Sunday, July 26, 2009

Authenticity is not cool.

Amid our culture of pluralism and ambiguity there always needs to be a constant and deliberate defining of terms. Some so-called "buzz words" are thrown aimlessly around like drunken punches in a bar fight, hoping to strike a gut reaction from some poor innocent bystander. We all know these words. For some they sting deep in our literary senses, knowing the cheapening and overuse of beautiful words like "organic,' "communal," "authentic," and "missional" will somehow lead to the unfortunate and early death of these because all the meaning will have been stripped away.

But what if these words weren't cool anymore? What if we took them at face value, and instead of dressing them up in equivocation and placing them in our smooth, confident sentences for all to admire without ever asking what in the world we are really talking about, we would begin to flesh out what these verbally aesthetic appellations actually mean?

This became clear for me a couple nights ago while I was at my local free trade hipster coffee shop.
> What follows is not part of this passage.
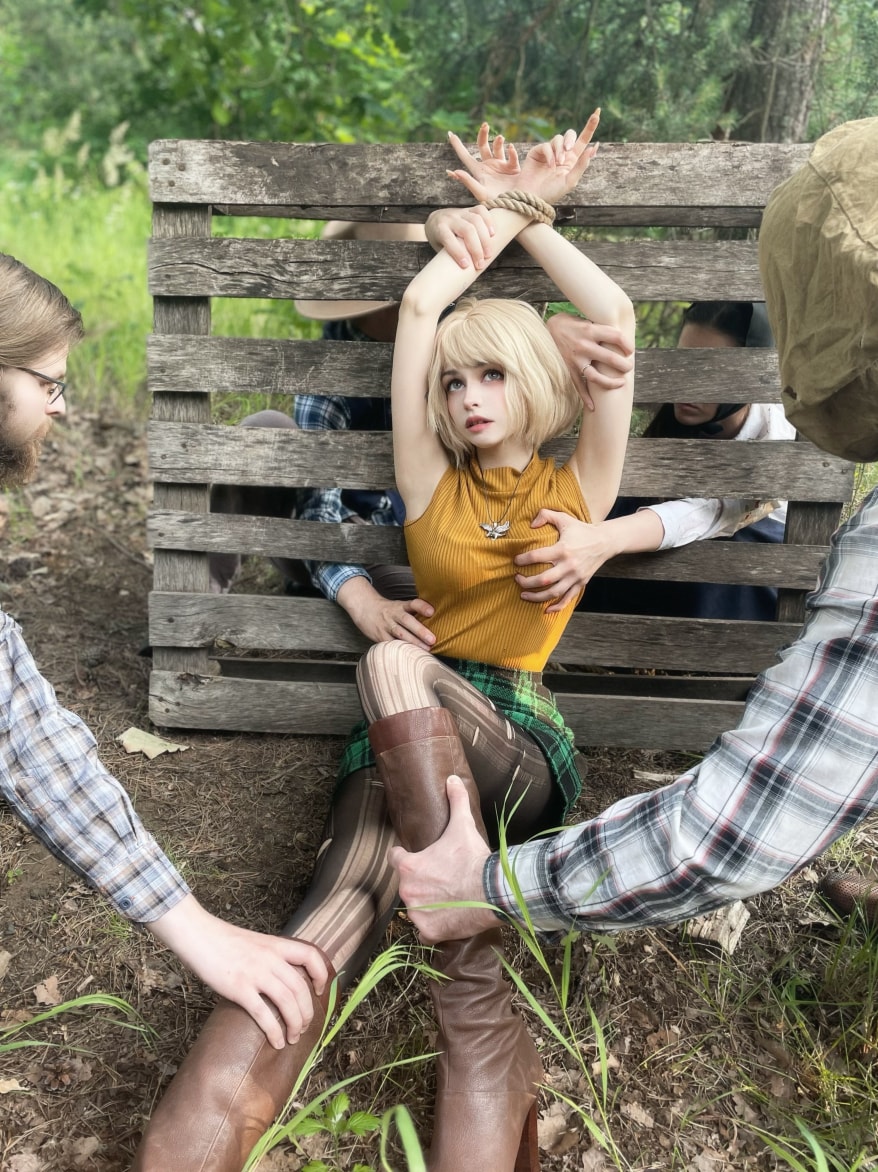 8fd104f39dfe6dc 8fd104f39dfe6dc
Prior to this, I had dinner with some friends who have been trying to live life together intentionally, being open and honest and loving one another, not matter how its makes them look, and was super encouraged by the example set forth in this group's lives. So, after dinner I headed over to grab a cup of coffee and read. Now, I am consistently not cool enough to hang out at this particular establishment. I even wore my V-neck and skinny jeans, and still felt a bit out of place. If this was five years ago I might be able to hang, but now that I am in my mid-twenties, with responsibilities and a few extra pounds it just won't work. As I sit reading, enjoying my two and half dollar cup of french press, my ears perk and I tune into a conversation being had by two 18 year old scenesters with hebrew tattoos, wearing "To Write Love On Her Arms" shirts and brand new TOMS. One girl started talking about a local college ministry she attends(which most people at this coffee shop, including the owners also attend), trying to convince the other to come check it out, saying that is real and authentic, and maybe they might fit in there. Now, I have been to this event a few times, and while it a great place to meet people, hear a great worship band, and be moved by an attention-grabbing, entertaining speaker; I don't know if "authentic" is the best word to describe it. So, I pondered this girls choice of words for some time, wondering why authentic and real was the phrase she landed on. Then I came to a realization. Authenticity is a really cool word, but actually being authentic is not.
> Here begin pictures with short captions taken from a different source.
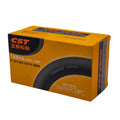 27.5 * 1.9-2.125 / Presta 48mm / 1 PCS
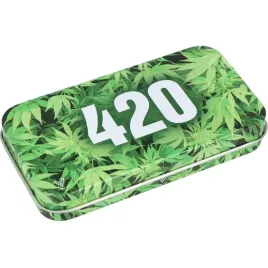 metalowy-pojemnik-syndicase-tin-box-420-rozne-kolory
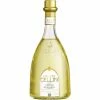 Cellini Grappa Oro 0,7L -Kaffee Erasco Geschaft grappa cellini riserva 38 vol 07 ltr flasche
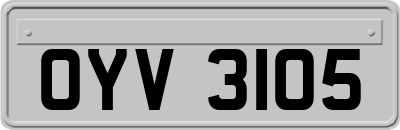 OYV3105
Now, we live in a day where the prototypical example of this new generation of Christian community includes nothing more than proximity and affinity. Community for us simply means that you are in close proximity to other Christians and/or share common interests and perspectives. The only problem with that is the Bible. We see in the Book of Acts that those who believed in and followed Jesus "had all things in common" and "suffered together for the sake of the Gospel." We do not create community. Jesus is the only one that can create community; because Jesus' idea of community is "all nations, tribes, languages and peoples" coming together to worship the King and bring hope to the world around them. Only then will we truly begin to understand words like authenticity. You see, being authentic is not cool, because it's messy. Being authentic means you have to be vulnerable, imperfect, laid bare for all to see and hopeless with out a Savior. I experienced this at dinner before my little epiphany. these people were not "cool" in the way the people at the coffee shop were. There were young married couples with kids and regular old God-glorifying jobs, overworked singles sacrificing dreams for the sake of the Gospel, and starving college students with emotional baggage and souls heavy with life. These people cannot afford to be cool. All they can do is enter into community, receive mercy, and in turn go out into the world to give mercy to as many as God would allow them to. So, my admonition to you is to stop trying to be cool, because you are missing out on so much life; ugly, messy, fumblingly beautiful life, to drop the persona and pick up reality, because cool has a momentary shelf-life, but authenticity will never grow old.